Wie das Beispiel im vorigen Kapitel gezeigt hat, kann es für Konzerne sehr teuer werden, wenn sie mit VP steuern und bei der VP-Kalkulation nach Controlling-Logiken vorgehen, die von steuerlichen Vorgaben abweichen. Letztlich sind die steuerrechtlichen VP-Regelungen alternativlos. Die Wahl der Steuerungs-KPI sind es jedoch nicht.
Insofern sei an dieser Stelle erlaubt, zu hinterfragen erlaubt, warum das Verhalten von Führungskräften überhaupt mit VP gesteuert wird? Bei Unternehmen, die mit VP steuern, werden die Performance einer Gesellschaft und die Boni der Geschäftsführer oder Abteilungsleiter noch immer oft anhand der EBIT-Marge der jeweils verantworteten Gesellschaft gemessen. Dieser Fall soll den nachfolgenden Beobachtungen und Überlegungen bzw. Thesen zugrunde gelegt werden:
These 1: Die Steuerung anhand von VP verursacht erhebliche interne Prozesskosten für die Verhandlung der VP zwischen den Parteien
Bei denjenigen Konzernen, die das lokale Management z. B. nach dem EBIT der einzelnen Gesellschaft incentivieren bzw. die Performance daran messen, könnte man boshaft sagen, dass einer einmaligen internen Verhandlung zwischen Vertrieb und Produktion bzw. mit dem Controlling im Rahmen der Budgetierungsphase eine höhere Bedeutung zukommt als den Verhandlungen mit externen Lieferanten und Kunden. Es könnte ein harter Kampf um die Verteilung der konzerninternen Marge zwischen der Produktion und dem Vertrieb entstehen und somit letztlich um die Festlegung der ›richtigen‹ VP-Methode bzw. den ›richtigen‹ VP. Dieses Feilschen um den ›richtigen‹ VP kann in den Konzernen erhebliche Ressourcen binden und stark unterschätzte Prozesskosten verursachen. Und je nach Stärke des Auslandsgeschäftsführer kann dies auch zu unfairen VP führen. Je mehr (neue) Produkte und je mehr Transaktionen im Konzern vorhanden sind, desto mehr Zeit wird auf interne Verhandlungen verwendet, die nach unserer Einschätzung oft nicht wertschöpfend sind. Die Prozesse sind häufig langwierig, streitanfällig, nicht automatisiert und letztlich ineffizient. Ob dieser Steuerungsansatz tatsächlich zu einem maximalen Konzerndeckungsbeitrag führt, ist umstritten. Zumindest besteht in der Industrie seit Jahren ein klarer Trend, der von Legal Entity EBIT Zielen wegführt. Viele und immer mehr Konzerne nutzen VP nicht mehr zur Unternehmenssteuerung. Sie messen stattdessen die Performance und legen die Boni auf Basis von konsolidierten Zahlen oder von KPI fest, die nicht VP-induziert sind.
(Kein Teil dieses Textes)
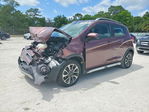 Chevrolet Spark 2019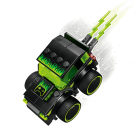 cokorito-toys-lego-60484-auto-da-corsa-da-gioco-3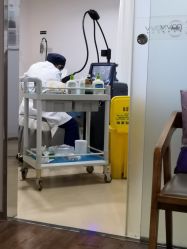 -维秘形体医美 M·VVON医生集团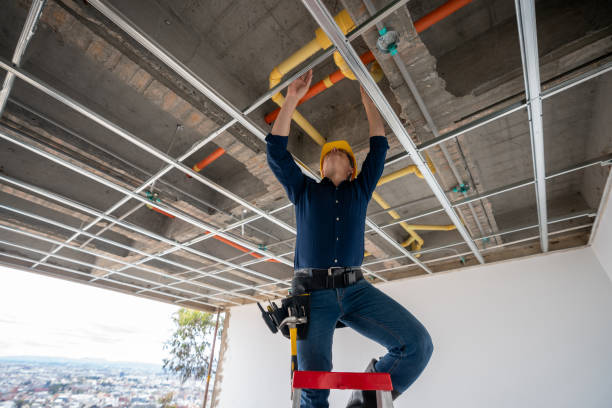 Best Emergency Plumbing Repair  in Elmwood Place, OH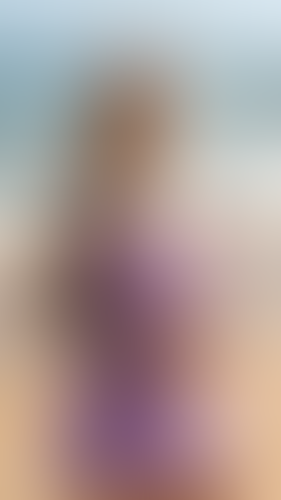 Geblurrte Content-Vorschau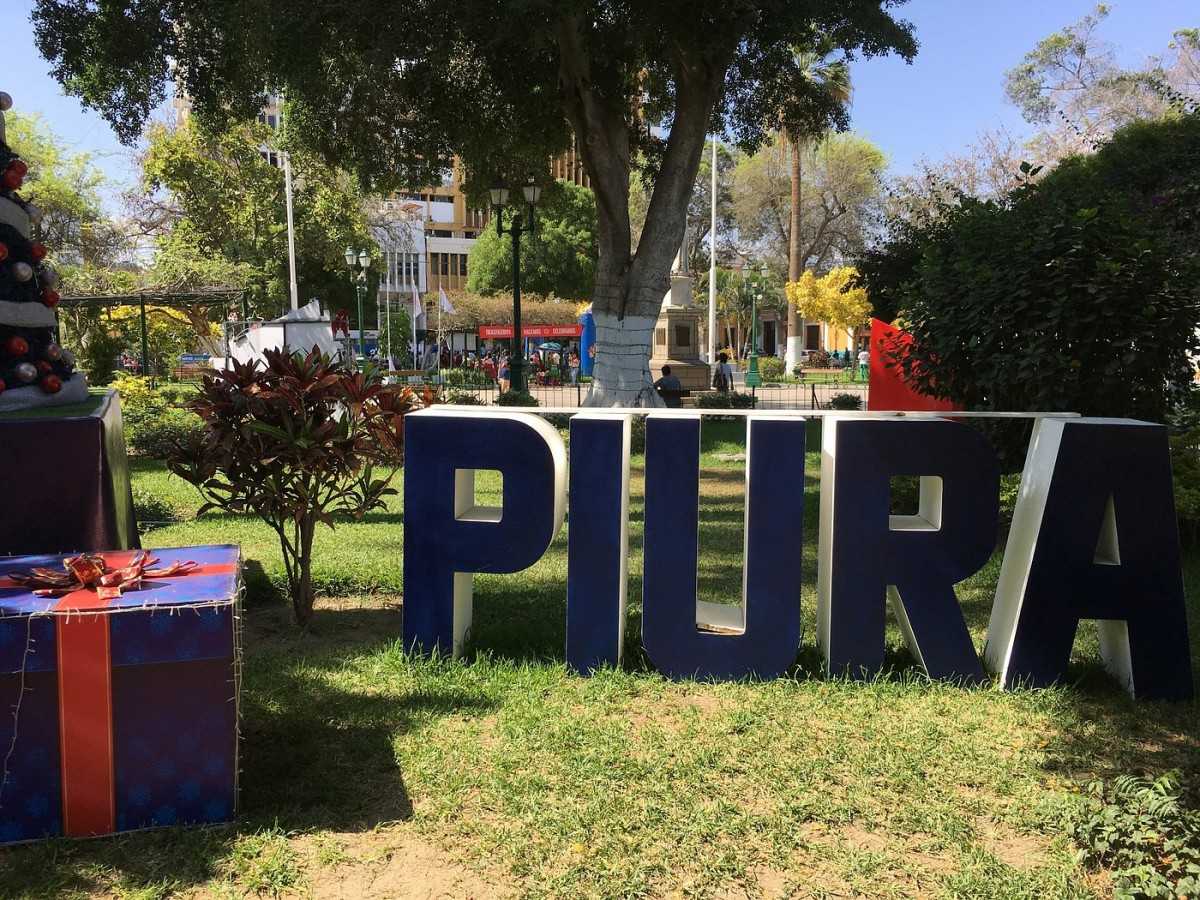 How to have fun without wasting time at Plaza de Armas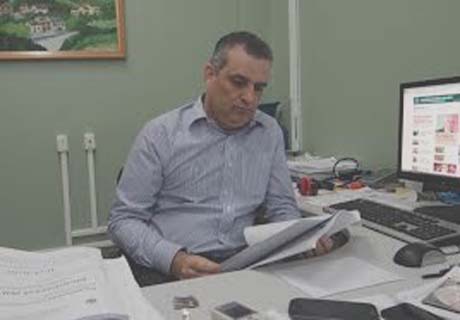 Gecoc investiga desvios na Prefeitura de Marechal Deodoro há 8 meses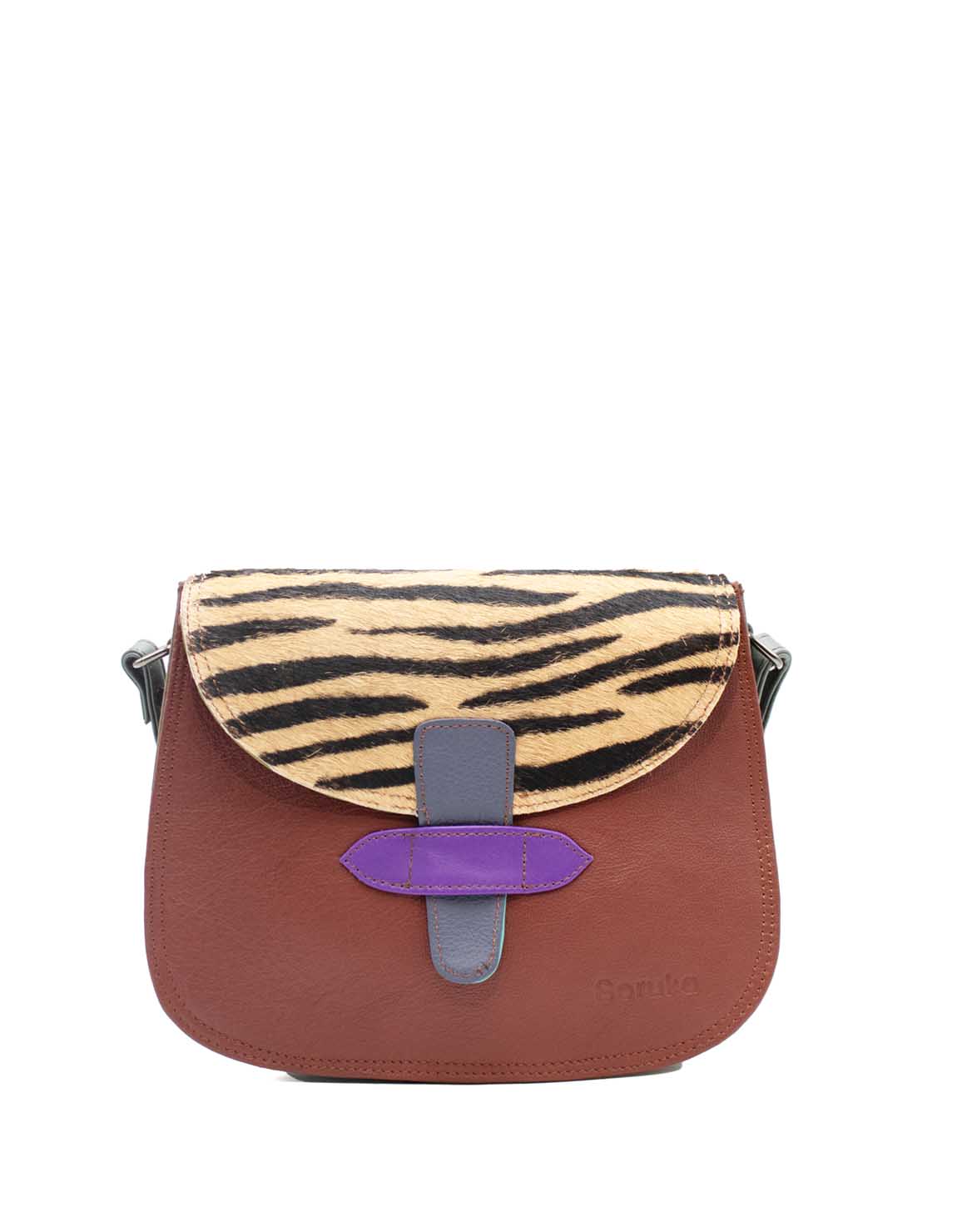 oporto_recycledleather_040226 (33).jpg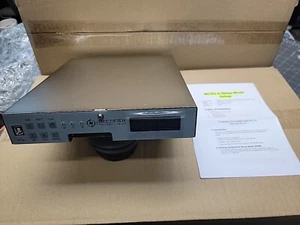 NEW!! RECTIFIER TECHNOLOGIES MCSU-4W LV CONTROLLER - Picture 1 of 14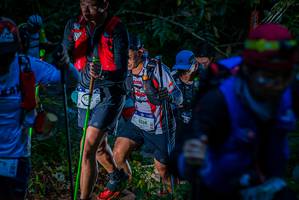 BIB: 9545, 9314, 
                            <button type="button" onclick="openModal(19309887)" class="btn btn-primary btn-sm float-right btn-popup" data-toggle="modal" data-target=".modal-high-quality">
                        <i class="fas fa-shopping-cart"></i> Add to Cart
                    </button>
                                            <button type="button" onclick="isThisMe(19309887, true)" class="btn btn-success btn-sm float-right btn-popup btn-isme hidden" data-toggle="tooltip" data-placement="bottom" title="นี่คือรูปของคุณใช่ไหม คลิกที่นี่เพื่อเอาเข้าอัลบั้ม">
                        <i class="fas fa-plus"></i> Add to album
                    </button>
                    <button type="button" onclick="isThisMe(19309887, false)" class="btn btn-warning btn-sm float-right btn-popup btn-isnotme hidden">
                        <i class="fas fa-ban"></i> Remove from album
                    </button>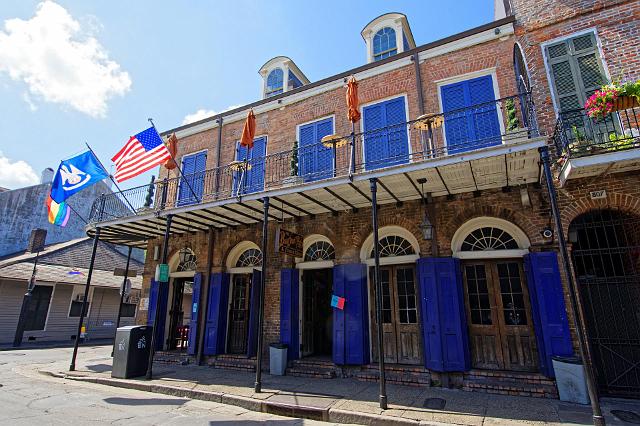 New_Orleans_19.jpg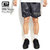reversal PALM REEF JERSEY SHORTS RV20SS610画像
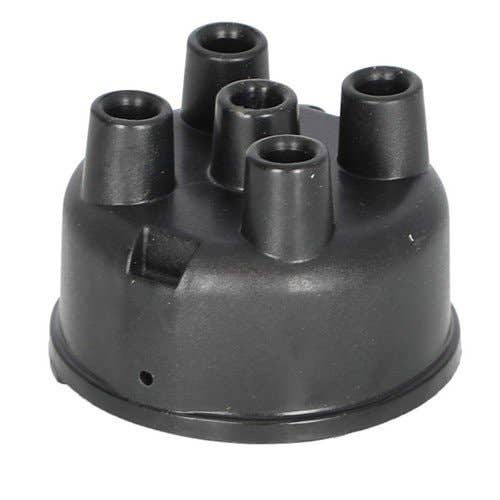 105571 | Distributor Cap | International | Farmall | IH A B C C123 C135 C146 C153 C157 Cub Cub Lo-Boy H M MD MTA Super A Super C Super H Super M Super MTA Super W4 Super W6 Super W9 W4 W6 W9 100 130 140 |  | 351693R92 | 351693R1 | 353898R11 | 381687R91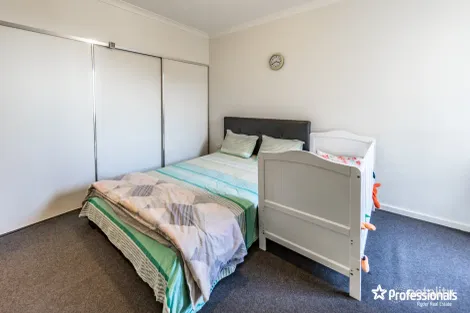 Property photo of 27/9 Petrea Place Harkness VIC 3337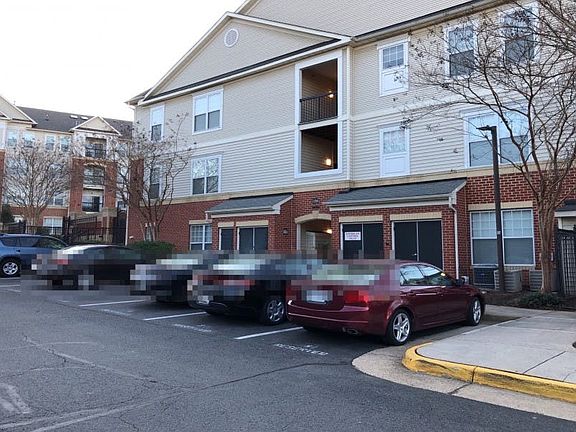 2nd image of 11305 Aristotle Dr APT 304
Diejenigen Konzerne, die beispielsweise auf Basis einer konsolidierten Ergebnisrechnung steuern, incentivieren und die Performance messen, werden sich weniger mit einer verhandlungsbasierten konzerninternen Festlegung der VP beschäftigen, sondern mehr mit der marktorientierten Frage, wie die Herstellungskosten reduziert und die Verkaufspreise erhöht werden können. Dies liegt daran, dass bei diesen Umsetzungsvarianten die (steuerlich richtigen) VP systemisch/formelhaft und weitgehend automatisiert festgelegt (also nicht durch persönliche Verhandlung beeinflusst) und die Margeneffekte durch die Konsolidierung eliminiert werden. Zwar dürften diese unterjährigen laufenden Verhandlungen mit den externen Lieferanten und den externen Kunden ›anstrengender‹ als die oben genannte interne Verhandlung in der Budgetphase sein, allerdings darf man annehmen, dass sie mit größerer Wahrscheinlichkeit zu einem höheren Konzerndeckungsbeitrag führen.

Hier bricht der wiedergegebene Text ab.